The People Bringing Rachel Dolezal To South Africa Promised They'd Explain Themselves

We don't need to be trolled like this.

David Ryder / Reuters
NAACP member Kitara McClure (L) cries as she hugs Angela Jones (R) during a protest in front of the National Association for the Advancement of Colored People (NAACP) headquarters in Spokane, Washington June 15, 2015. Rachel Dolezal, a civil rights advocate who has been accused of falsely claiming she is black, announced her resignation on Monday as leader of a local branch of the NAACP in Washington state.

OK South Africa is getting incredibly exhausting now.

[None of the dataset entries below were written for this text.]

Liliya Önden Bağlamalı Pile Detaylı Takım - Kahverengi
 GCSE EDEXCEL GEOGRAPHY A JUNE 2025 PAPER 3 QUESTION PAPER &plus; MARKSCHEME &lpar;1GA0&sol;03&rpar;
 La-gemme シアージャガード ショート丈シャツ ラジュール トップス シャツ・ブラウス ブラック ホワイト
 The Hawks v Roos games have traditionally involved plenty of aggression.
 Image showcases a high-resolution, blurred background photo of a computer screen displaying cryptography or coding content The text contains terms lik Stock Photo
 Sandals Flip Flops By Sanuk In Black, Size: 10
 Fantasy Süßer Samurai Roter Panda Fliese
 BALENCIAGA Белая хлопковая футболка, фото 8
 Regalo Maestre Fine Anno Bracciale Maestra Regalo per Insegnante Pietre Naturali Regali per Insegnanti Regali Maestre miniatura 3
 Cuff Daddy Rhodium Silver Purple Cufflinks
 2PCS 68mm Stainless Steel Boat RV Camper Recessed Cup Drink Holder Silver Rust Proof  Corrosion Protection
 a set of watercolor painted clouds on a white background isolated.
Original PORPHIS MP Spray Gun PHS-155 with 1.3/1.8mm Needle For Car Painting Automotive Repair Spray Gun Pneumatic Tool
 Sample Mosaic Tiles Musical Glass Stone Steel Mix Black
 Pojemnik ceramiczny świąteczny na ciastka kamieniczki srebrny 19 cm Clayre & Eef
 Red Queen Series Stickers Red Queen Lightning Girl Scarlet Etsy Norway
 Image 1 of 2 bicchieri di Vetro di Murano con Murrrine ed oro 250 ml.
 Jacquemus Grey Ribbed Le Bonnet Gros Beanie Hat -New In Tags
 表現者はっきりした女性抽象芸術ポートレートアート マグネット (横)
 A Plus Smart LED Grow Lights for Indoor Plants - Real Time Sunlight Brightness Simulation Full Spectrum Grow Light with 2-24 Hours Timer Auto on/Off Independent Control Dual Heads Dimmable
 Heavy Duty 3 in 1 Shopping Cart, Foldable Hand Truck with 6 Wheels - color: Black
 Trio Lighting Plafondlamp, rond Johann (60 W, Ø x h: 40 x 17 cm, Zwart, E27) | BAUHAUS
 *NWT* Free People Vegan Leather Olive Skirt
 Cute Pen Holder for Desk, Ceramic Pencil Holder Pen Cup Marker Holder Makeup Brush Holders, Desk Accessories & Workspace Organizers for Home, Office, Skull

Rachel Dolezal is coming to South Africa and we've just decided to leave if she does.

For an unknown reason, someone thought bringing Rachel Dolezal to South Africa to talk about non-racialism would be a good idea. When we asked them why, they said they would explain themselves on Friday.

South Africans woke up to a tweet by Dolazel tweeted on Thursday morning that she would be in the country on April 19.

The Huffington Post South Africa contacted Clive Ramalaine at Tsiloab Holdings, one of the companies in the poster Dolezal included in her tweet. When asked why Dolezal was coming, Ramalaine said they would have an official briefing on Friday through a media company explaining all the details of the event.

Dolezal first made news in 2015 when it was discovered she had been pretending to be black for nearly a decade. Dolezal said she identified as black, and still insists she is.

This surprising event hosting Dolezal comes just over a week since The Huffington Post U.S. Black Voices senior editor, Lily Workneh, asked that people stop giving her a platform. In the article, Workneh listed a number of reasons including that focusing on Dolezal was pointless and took away from the very real suffering of black people.

Whether in the U.S. or South Africa, the narrative is similar. Black people's experiences are not the same as those of white people, and Dolezal is a symbol of a "colour blind" attitude.

Not only does Dolezal bring forth dangerous concepts on race, she also propagates the denial of transgender identities and experiences. Just last week the world observed International Transgender Day Of Visibility. In South Africa, trans people are still fighting very hard to have their rights recognised by government and to have their rights seen as human rights by general society too. Any rhetoric that denies the real experience of transgender people is dangerous, just like this article in the Daily Beast outlines. Dolezal is not "trans-racial", and this is not the same as being transgender.